[Data supplied — start]
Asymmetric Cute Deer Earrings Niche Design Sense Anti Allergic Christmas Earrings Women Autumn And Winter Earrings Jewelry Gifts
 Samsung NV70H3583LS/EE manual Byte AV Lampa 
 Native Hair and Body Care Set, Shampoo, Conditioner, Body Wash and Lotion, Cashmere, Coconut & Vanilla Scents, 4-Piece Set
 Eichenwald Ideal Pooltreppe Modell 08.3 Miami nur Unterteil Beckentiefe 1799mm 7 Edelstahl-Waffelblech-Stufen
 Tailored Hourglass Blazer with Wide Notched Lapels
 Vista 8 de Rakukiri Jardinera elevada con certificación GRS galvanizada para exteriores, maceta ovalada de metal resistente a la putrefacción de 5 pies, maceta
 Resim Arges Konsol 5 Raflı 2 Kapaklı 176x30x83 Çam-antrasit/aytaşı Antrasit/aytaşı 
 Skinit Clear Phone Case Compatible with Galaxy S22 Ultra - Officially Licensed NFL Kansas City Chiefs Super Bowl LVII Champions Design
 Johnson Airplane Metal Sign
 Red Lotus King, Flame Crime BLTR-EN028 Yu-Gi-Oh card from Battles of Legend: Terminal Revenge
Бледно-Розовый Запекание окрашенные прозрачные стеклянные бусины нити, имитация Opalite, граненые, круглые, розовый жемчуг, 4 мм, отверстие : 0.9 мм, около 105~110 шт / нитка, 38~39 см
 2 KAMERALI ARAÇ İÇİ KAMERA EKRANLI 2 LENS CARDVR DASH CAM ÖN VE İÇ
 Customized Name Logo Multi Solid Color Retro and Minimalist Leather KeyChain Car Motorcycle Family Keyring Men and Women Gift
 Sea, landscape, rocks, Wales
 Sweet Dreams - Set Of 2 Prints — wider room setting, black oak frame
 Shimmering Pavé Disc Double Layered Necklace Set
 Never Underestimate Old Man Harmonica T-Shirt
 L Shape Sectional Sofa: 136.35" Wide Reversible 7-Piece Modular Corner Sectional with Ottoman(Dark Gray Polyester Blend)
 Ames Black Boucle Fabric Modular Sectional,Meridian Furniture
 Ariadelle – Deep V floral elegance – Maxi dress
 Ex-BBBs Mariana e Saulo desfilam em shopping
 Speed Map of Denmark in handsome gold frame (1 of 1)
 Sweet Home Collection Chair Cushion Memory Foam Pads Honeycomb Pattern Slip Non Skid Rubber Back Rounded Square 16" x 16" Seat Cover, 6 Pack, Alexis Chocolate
[Data supplied — finish]
## The problem
Report back every line of the entries in which "Design" occurs.

## Response to the exercise
Asymmetric Cute Deer Earrings Niche Design Sense Anti Allergic Christmas Earrings Women Autumn And Winter Earrings Jewelry Gifts
 Skinit Clear Phone Case Compatible with Galaxy S22 Ultra - Officially Licensed NFL Kansas City Chiefs Super Bowl LVII Champions Design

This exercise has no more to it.